Several reviewers expressed early frustration in regards to multiplayer connection issues, however these issues were resolved in a later title update to the game. Francis stated that the connection issues "handicap the multiplayer experience." "Despite trying all day and night on launch day, we were only able to get a couple of two-player games going for a couple of levels before the connections were lost" stated Whitehead. Hayward also reported slight connectivity issues in the PlayStation 3 version. The PlayStation 3 version of the game also received criticism from GameSpots Carolyn Petit for its additional Volleyball game mode, who described it simply as "lousy."

Aggregate score
| Aggregator | Score |
|---|---|
| Metacritic | X360: 82/100 PS3: 85/100 XONE: 83/100 NS: 77/100 |

Review scores
| Publication | Score |
|---|---|
| 1Up.com | B+ |
| Eurogamer | 8/10 |
| GameSpot | 8.5/10 |
| GameTrailers | 7.9/10 |
| IGN | X360: 9/10 PS3: 8.5/10 |

===Technical issues===
Some users experienced problems finding available online games, as well as their Xbox 360 sometimes freezing when attempting to join an Xbox Live game, or while already in a game. "There are certain network settings," said Paladin, "where, if you're in a very specific network environment, it won't work with another person's connection and that's what's happening.
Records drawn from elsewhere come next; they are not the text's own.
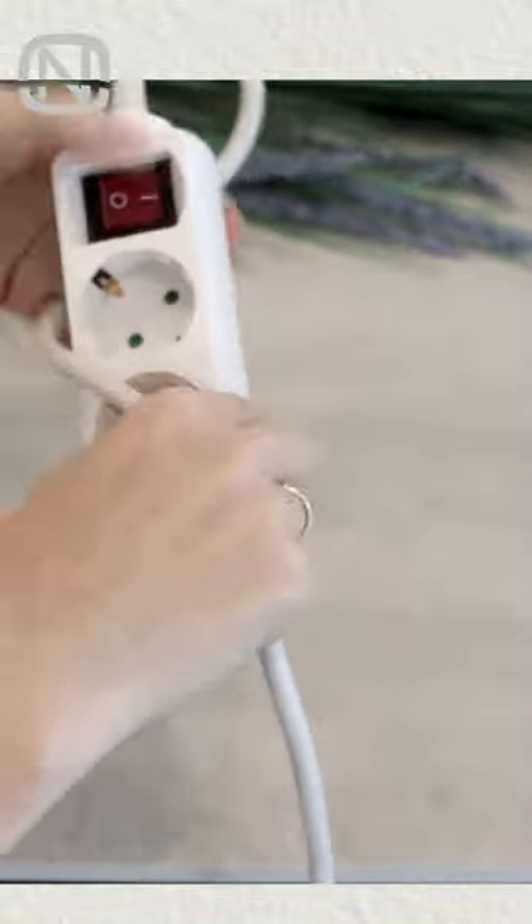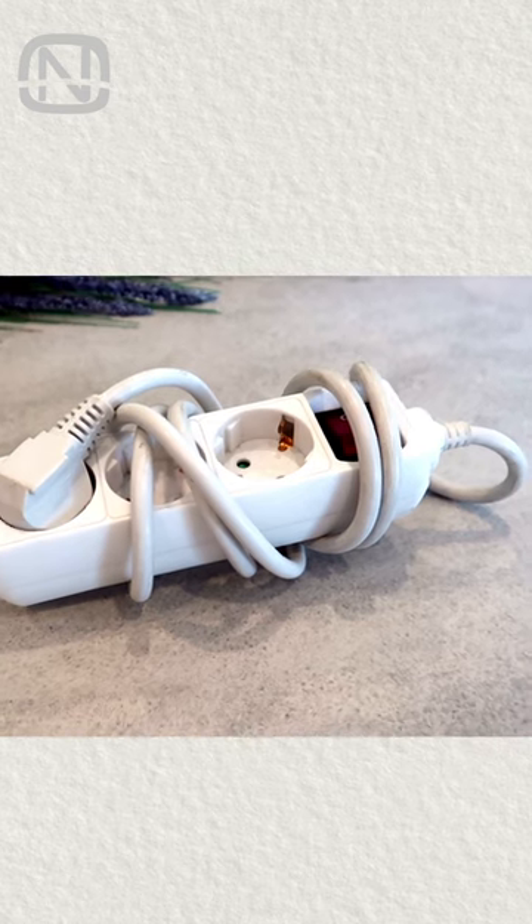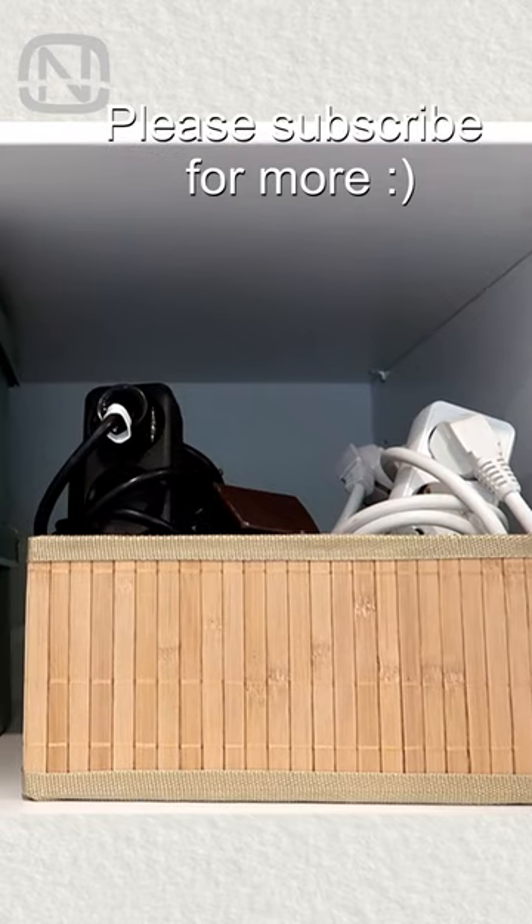Carefully wrap the cord without bending it too much where it connects with the sockets. Then plug it into one of its sockets. These knit reels are much easier and more convenient to store.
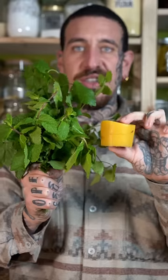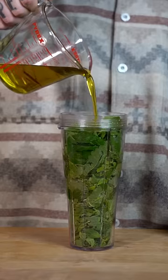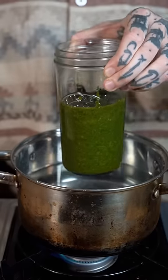Did you know that you can make your own lip balm using only natural ingredients? Separate the leaves of mint or lemon balm and combine in a blender with olive oil until you get a smooth texture.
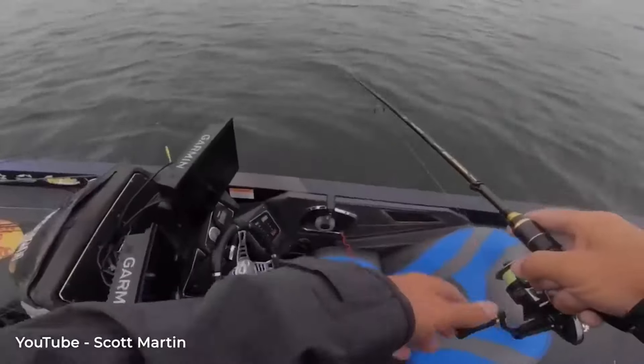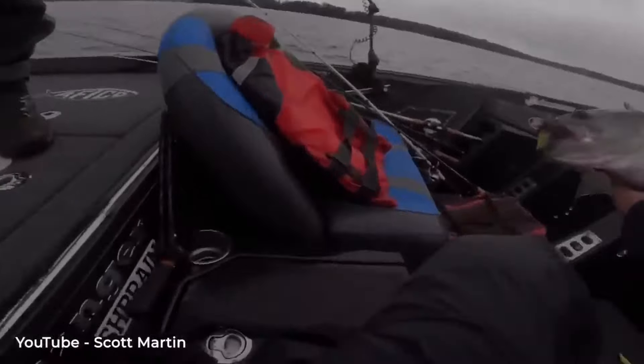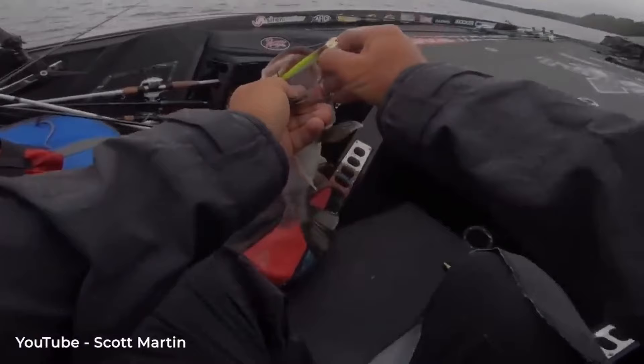A few months ago, Bass Fishing HQ put out a video about this bait and showed footage of Scott Martin using it in a Bass Masters Open, getting a top 10 finish. I won't say it was solely this bait, but it was definitely one of the baits he was throwing. Scott Martin is one of the biggest names in bass fishing — this is his profession, he has to catch them — and he chose this bait. That tells you right there that it catches fish, and it's a confidence bait for a lot of pros.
But that's something we're already addressing by working with Microsoft to get a patch out as fast as possible." In addition to multiplayer problems, the game could also occasionally suffer from corrupted save files, causing players to lose character progress. In an interview with Joystiq, Tom Fulp and Dan Paladin of the Behemoth stated that they were working with Microsoft to get a patch released as soon as possible in order to fix the issues. A patch for the game was released on December 24, 2008, fixing glitches and exploits as well as resolving networking issues that were experienced at the game's launch. Similar networking problems have also been reported for the PlayStation 3 version of the game. The PlayStation 3 version of the game only allows one profile to be signed in per console, with additional players being unable to use their own progress rather than of the profile in use.